* Data for this task

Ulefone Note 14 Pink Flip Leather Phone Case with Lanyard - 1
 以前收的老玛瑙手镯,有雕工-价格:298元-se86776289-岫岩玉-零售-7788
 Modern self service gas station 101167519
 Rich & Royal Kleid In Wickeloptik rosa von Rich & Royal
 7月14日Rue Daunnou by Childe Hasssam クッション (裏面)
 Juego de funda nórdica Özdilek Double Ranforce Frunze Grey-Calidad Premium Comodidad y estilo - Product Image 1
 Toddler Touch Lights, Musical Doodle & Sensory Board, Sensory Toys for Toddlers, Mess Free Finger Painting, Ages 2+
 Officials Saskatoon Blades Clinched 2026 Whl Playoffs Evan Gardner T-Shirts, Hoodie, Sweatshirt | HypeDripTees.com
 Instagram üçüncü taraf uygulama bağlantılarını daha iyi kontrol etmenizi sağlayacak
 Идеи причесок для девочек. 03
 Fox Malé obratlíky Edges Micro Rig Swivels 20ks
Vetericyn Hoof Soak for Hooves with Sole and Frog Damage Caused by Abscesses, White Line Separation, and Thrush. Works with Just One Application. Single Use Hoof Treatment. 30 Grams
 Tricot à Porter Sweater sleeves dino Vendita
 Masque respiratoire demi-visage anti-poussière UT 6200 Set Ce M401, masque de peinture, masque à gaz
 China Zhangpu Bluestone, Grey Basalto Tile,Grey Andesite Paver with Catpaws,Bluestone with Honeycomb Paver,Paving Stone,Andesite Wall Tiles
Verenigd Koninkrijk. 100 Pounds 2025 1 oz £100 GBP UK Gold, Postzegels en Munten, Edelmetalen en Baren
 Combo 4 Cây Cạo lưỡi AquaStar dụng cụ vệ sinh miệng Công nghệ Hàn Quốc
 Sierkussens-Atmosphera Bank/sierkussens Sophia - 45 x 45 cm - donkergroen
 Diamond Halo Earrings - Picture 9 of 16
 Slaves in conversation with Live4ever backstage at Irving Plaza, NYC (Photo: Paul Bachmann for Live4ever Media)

* Directions
Output the line holding "Sierkussens-Atmosphera Bank/sierkussens Sophia", then every later line through the end of the records above, exactly as given and nothing else.

* Response to this task
 Sierkussens-Atmosphera Bank/sierkussens Sophia - 45 x 45 cm - donkergroen
 Diamond Halo Earrings - Picture 9 of 16
 Slaves in conversation with Live4ever backstage at Irving Plaza, NYC (Photo: Paul Bachmann for Live4ever Media)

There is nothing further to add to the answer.